| Task statement |
Only the lines from the line that contains "Кабель ExeGate USB" through the final line of the entries below belong in your answer, copied exactly and without pictures.

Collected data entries
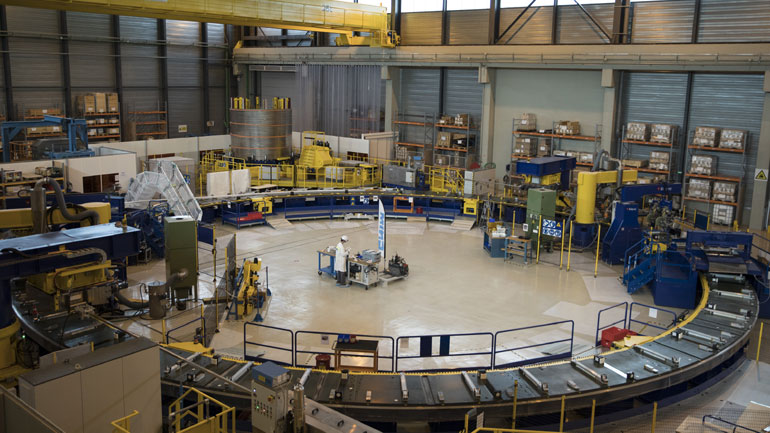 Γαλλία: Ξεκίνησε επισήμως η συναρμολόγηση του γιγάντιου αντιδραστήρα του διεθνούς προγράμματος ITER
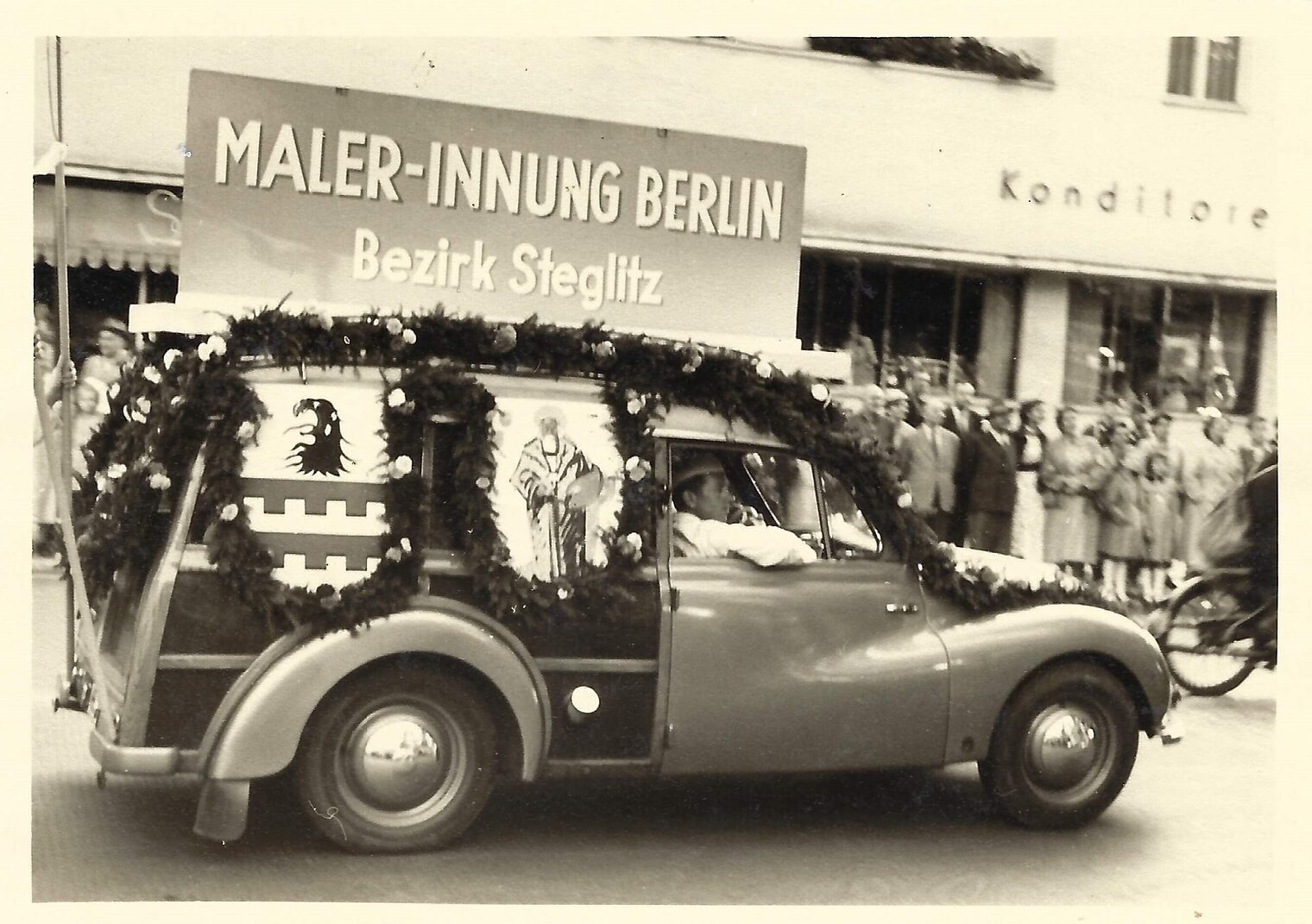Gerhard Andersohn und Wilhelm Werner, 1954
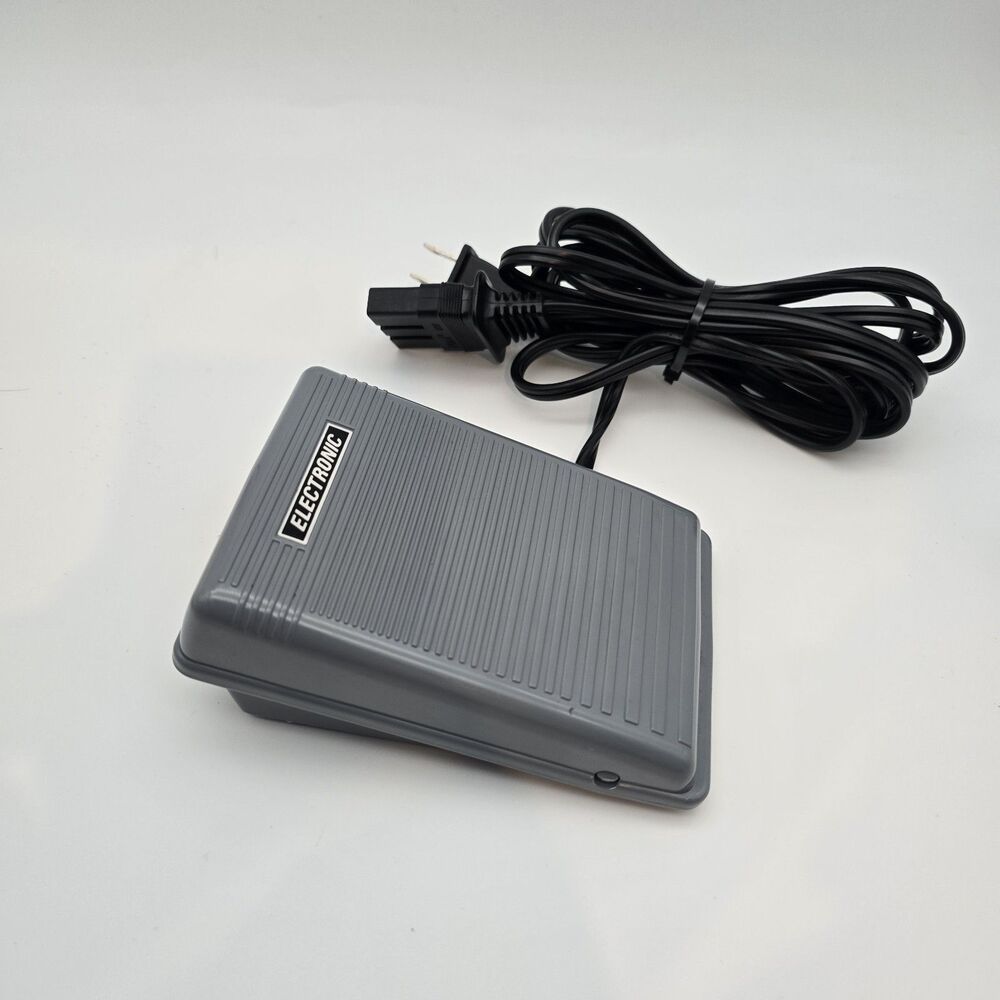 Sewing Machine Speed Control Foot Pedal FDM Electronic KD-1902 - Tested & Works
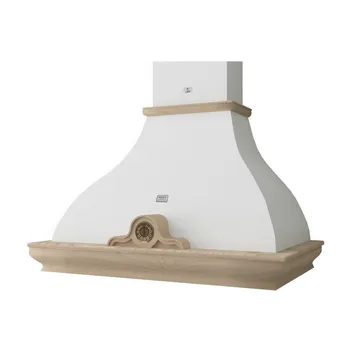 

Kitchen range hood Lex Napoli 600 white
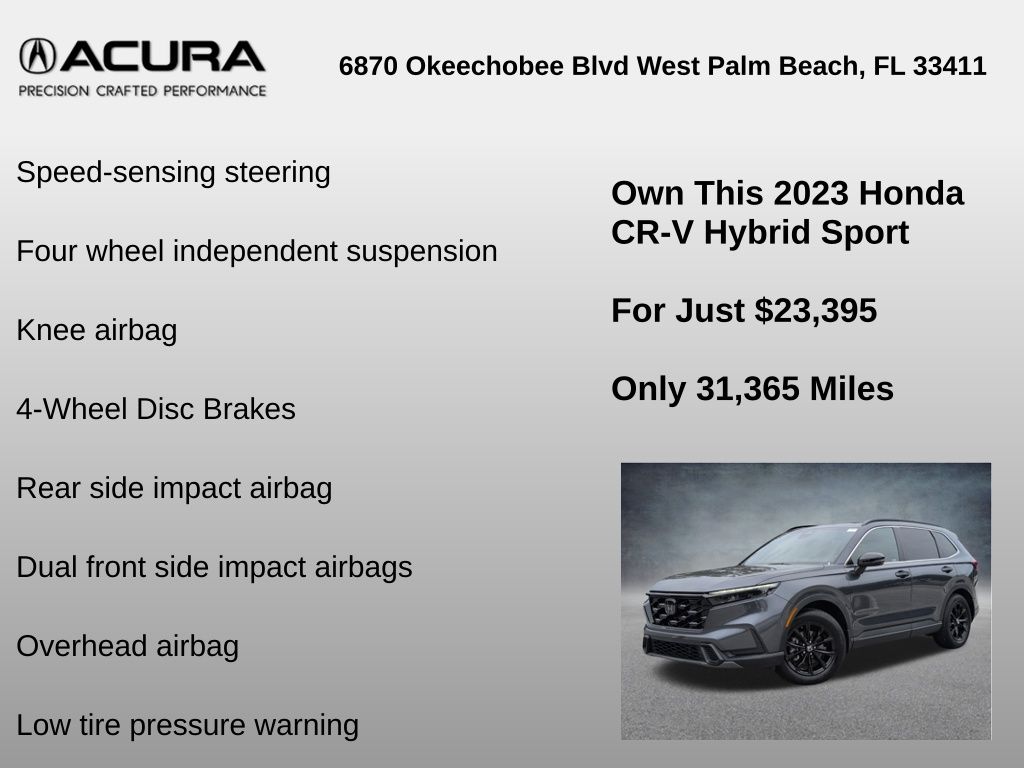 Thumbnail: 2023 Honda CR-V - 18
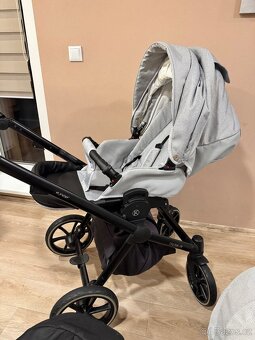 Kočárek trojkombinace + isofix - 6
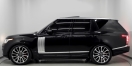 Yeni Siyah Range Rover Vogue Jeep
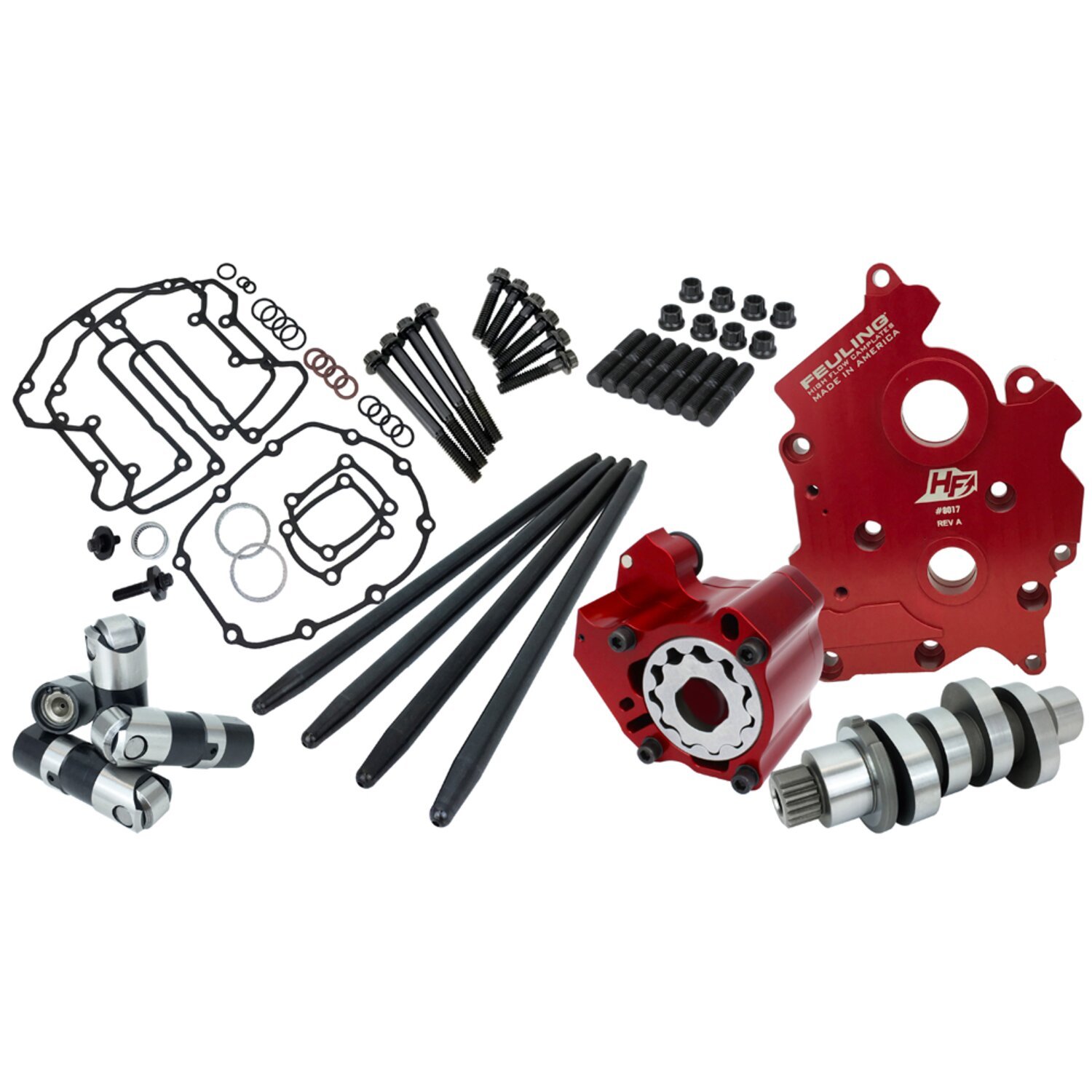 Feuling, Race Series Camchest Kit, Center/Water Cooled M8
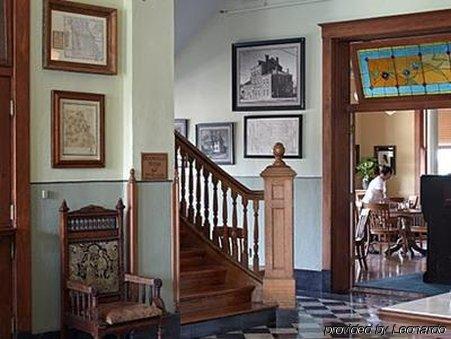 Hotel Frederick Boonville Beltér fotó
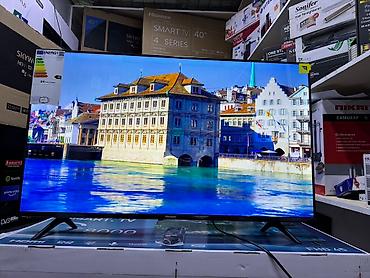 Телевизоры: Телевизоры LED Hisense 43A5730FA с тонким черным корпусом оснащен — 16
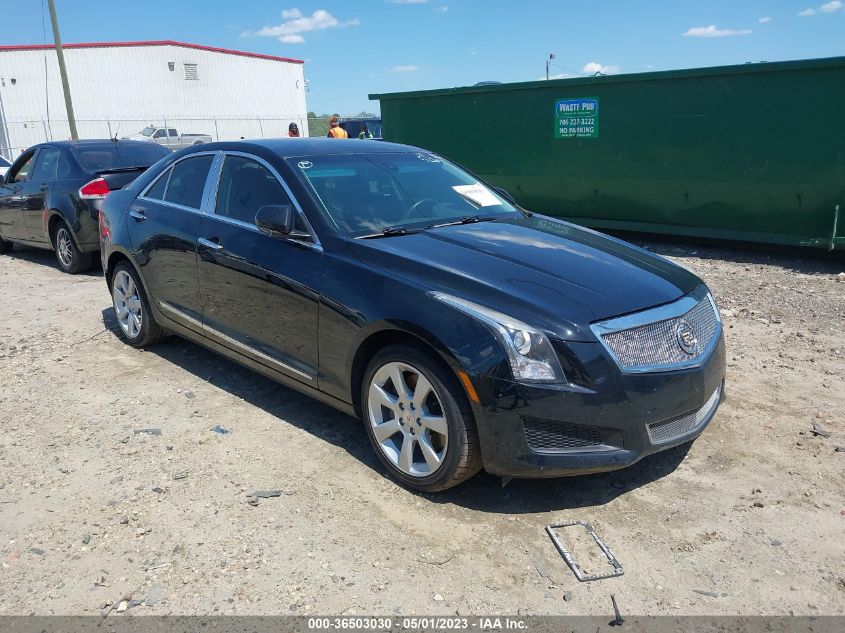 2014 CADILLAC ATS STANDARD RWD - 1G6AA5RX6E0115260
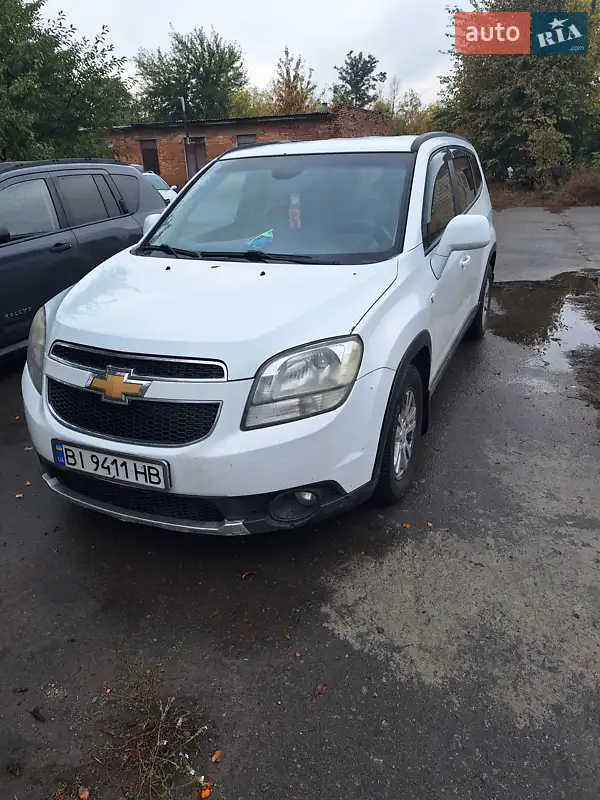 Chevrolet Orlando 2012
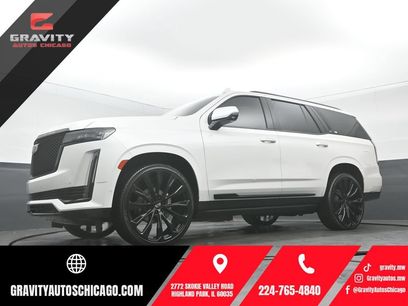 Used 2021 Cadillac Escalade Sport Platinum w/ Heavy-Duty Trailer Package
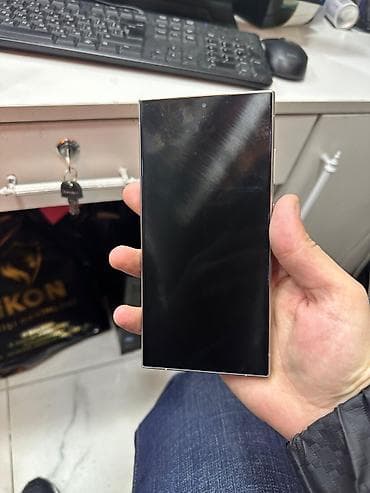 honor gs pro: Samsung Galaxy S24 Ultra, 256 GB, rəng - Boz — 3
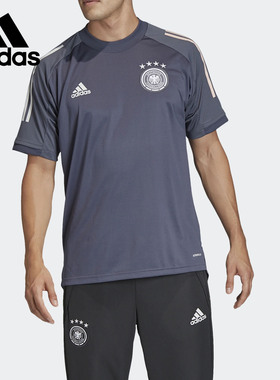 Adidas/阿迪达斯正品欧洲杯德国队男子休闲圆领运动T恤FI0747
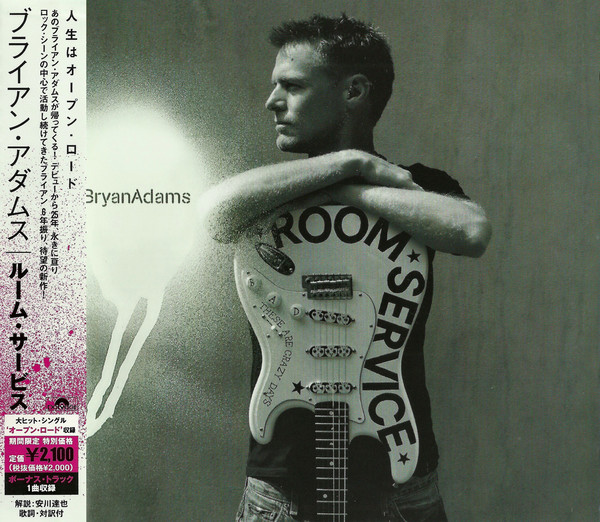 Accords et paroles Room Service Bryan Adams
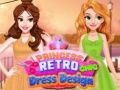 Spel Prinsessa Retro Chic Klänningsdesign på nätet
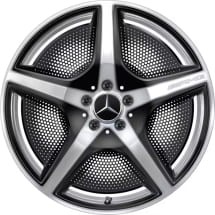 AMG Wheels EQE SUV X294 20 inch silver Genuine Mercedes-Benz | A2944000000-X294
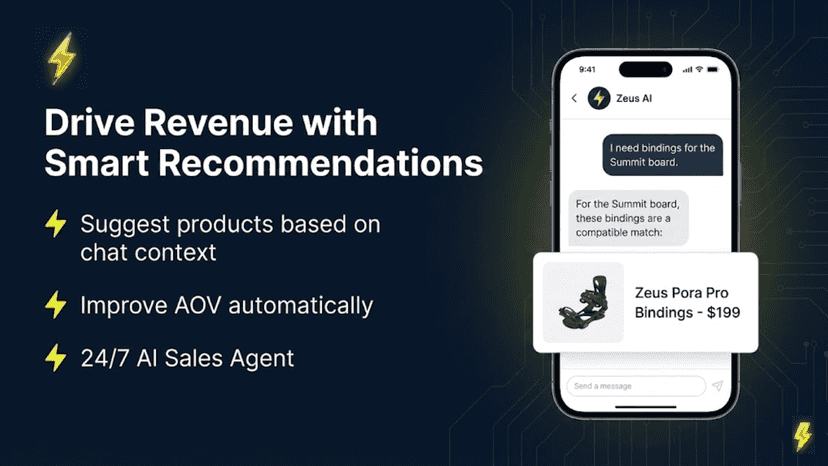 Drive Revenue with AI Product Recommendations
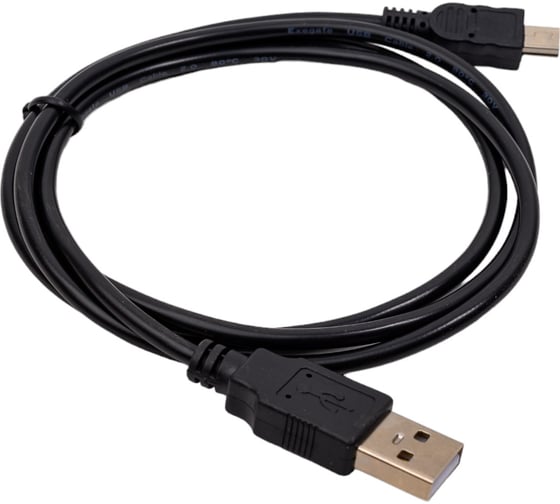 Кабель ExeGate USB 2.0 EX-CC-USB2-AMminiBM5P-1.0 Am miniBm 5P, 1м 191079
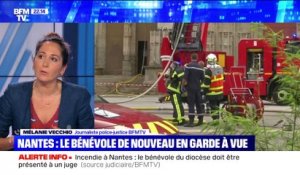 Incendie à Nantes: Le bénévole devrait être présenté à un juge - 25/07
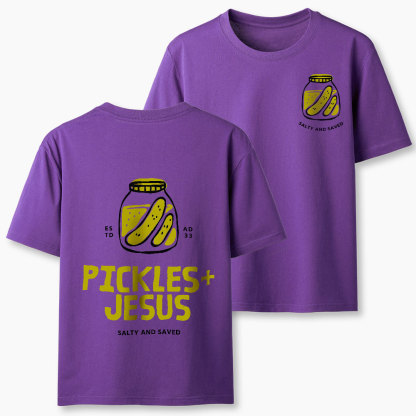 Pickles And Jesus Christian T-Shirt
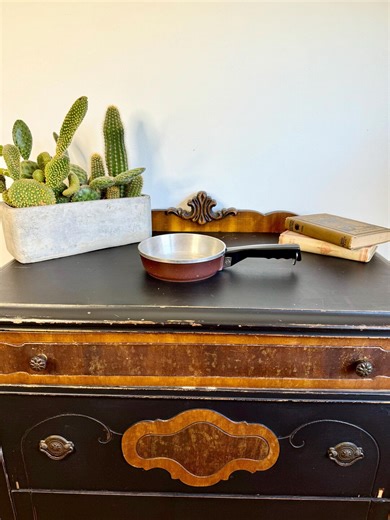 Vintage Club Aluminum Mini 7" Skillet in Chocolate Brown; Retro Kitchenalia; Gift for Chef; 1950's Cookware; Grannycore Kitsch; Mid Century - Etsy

| Result of this exercise |
 Кабель ExeGate USB 2.0 EX-CC-USB2-AMminiBM5P-1.0 Am miniBm 5P, 1м 191079
 Incendie à Nantes: Le bénévole devrait être présenté à un juge - 25/07
 Pickles And Jesus Christian T-Shirt
 Vintage Club Aluminum Mini 7" Skillet in Chocolate Brown; Retro Kitchenalia; Gift for Chef; 1950's Cookware; Grannycore Kitsch; Mid Century - Etsy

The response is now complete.